▶ Data section:
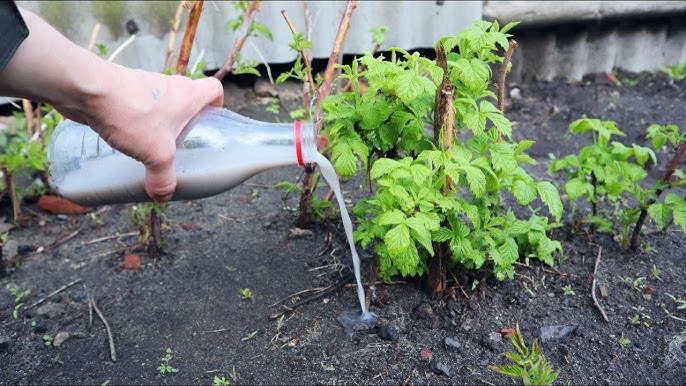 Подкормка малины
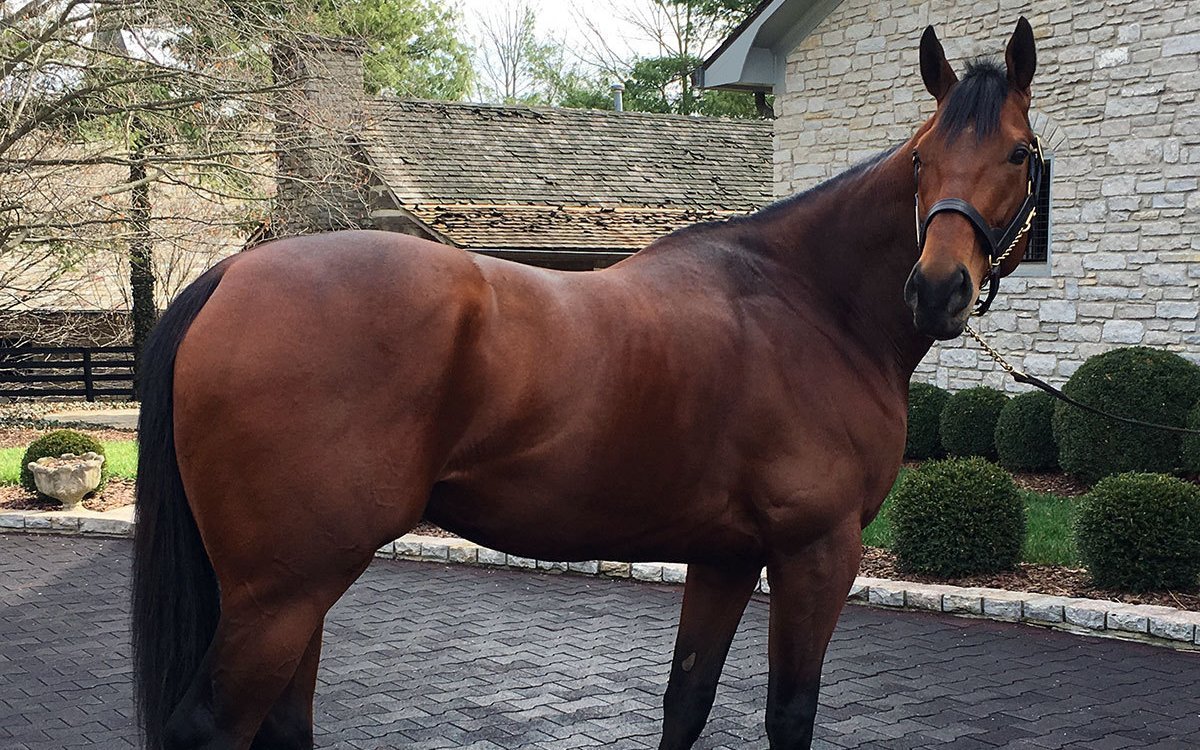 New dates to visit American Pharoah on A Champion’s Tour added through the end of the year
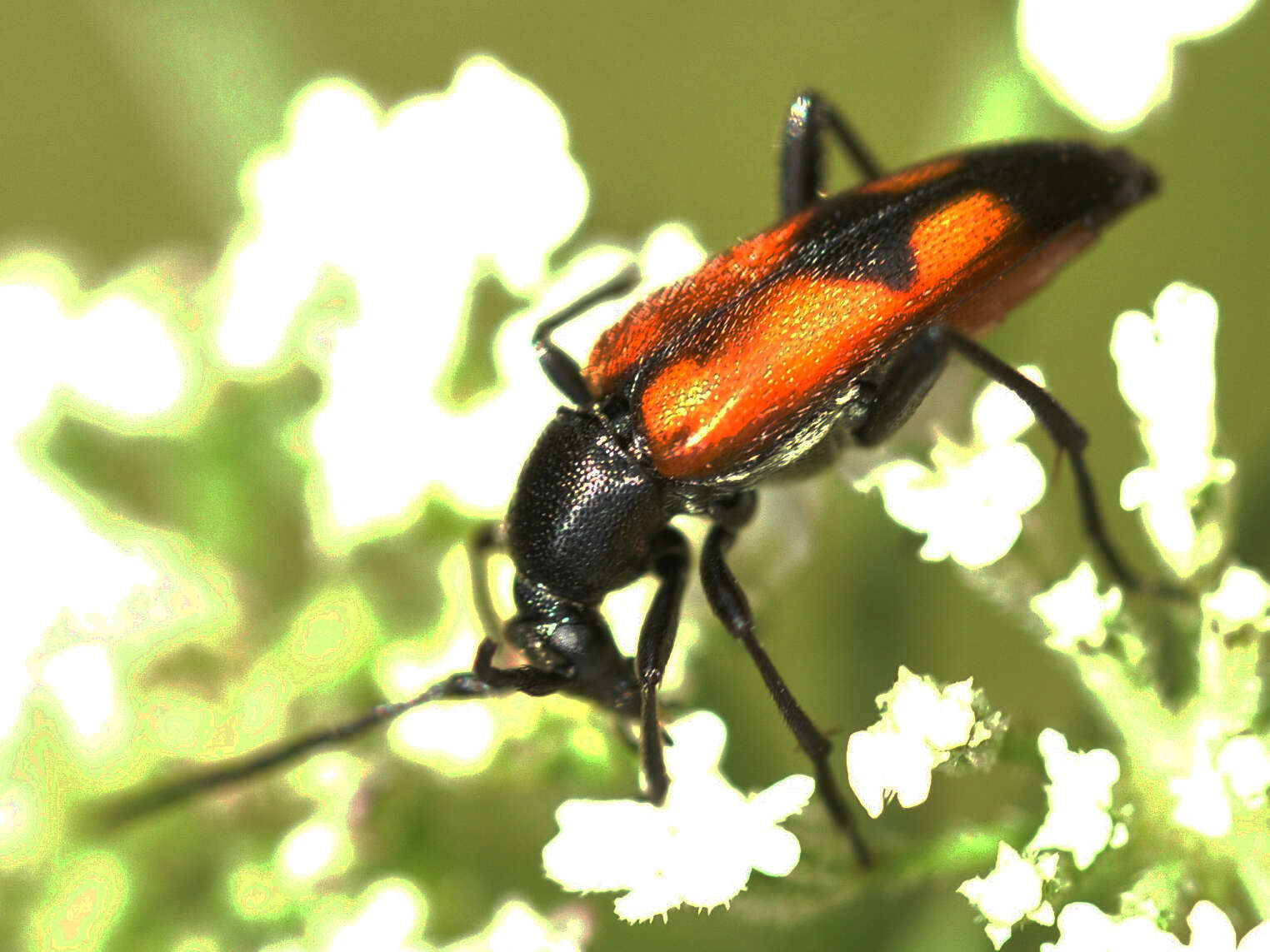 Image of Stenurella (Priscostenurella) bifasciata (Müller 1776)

▶ Exercise aim:
The copy must match every line of the data exactly and contain no pictures.

▶ Result of this exercise:
 Подкормка малины
 New dates to visit American Pharoah on A Champion’s Tour added through the end of the year
 Image of Stenurella (Priscostenurella) bifasciata (Müller 1776)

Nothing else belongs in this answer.